Masing-masing kota pasti memiliki titik nol dengan semua cerita menarik di baliknya. Di Bandung, titik nol nya terletak di pusat kota, tepatnya di Jalan Asia Afrika, di depan sebuah Hotel bergaya Art Deco, Savoy Homann Bidakara, hotel yang pernah disinggahi Ir. Soekarno dan Komedian Dunia Charlie Chaplin. Tugu setinggi kurang lebih 1 meter ini, banyak menyimpan sejarah panjang pembangunan kota Bandung, karena Titik Nol ini masih dianggap sebagai titik pusat pembangunan Bandung.
Ada sedikit cerita dibalik Titik Nol Bandung ini.

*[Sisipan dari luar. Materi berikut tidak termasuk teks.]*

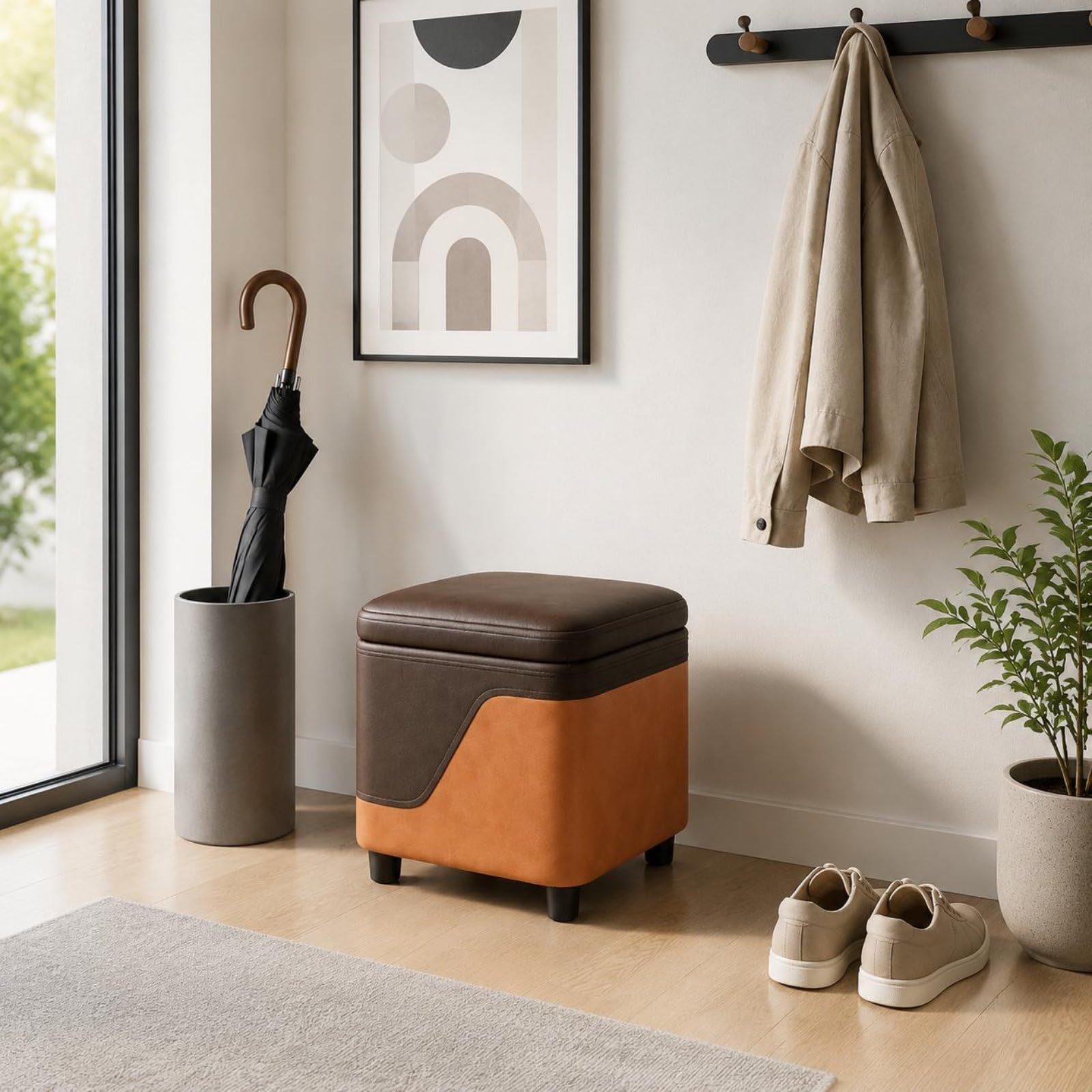predolo Taburete Baúl Multiuso Puf con Almacenamiento Ahorra Espacio Baúl Tapizado con Tapa para Entrada, Salón, Dormitorio, Color to 4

Dahulu ketika Belanda masih menguasai sebagian besar wilayah Indonesia, Gubernur Jenderal Belanda, Mr. Herman Willem Daendels memerintahkan untuk membangun jalan raya sepanjang 1000 km, termasuk Jalan Raya Pos di Bandung yang sekarang berubah nama menjadi Jl. Asia Afrika. Ketika mengunjungi Bandung, Daendels dan Bupati Bandung, Wiranatakusumah II; meresmikan Jembatan Cikapundung, lalu Daendels berbicara dalam bahasa Belanda, “Usahakanlah, jika saya kembali, di sini telah dibangun sebuah kota”. Sabda Daendels ini konon diucapkan sembari menancapkan tongkat di sebuah titik, yang akhirnya disebut sebagai Titik Nol Bandung tersebut. Dari sini pun, berkembang anggapan bahwa Titik Nol adalah titik balik pembangunan Bandung.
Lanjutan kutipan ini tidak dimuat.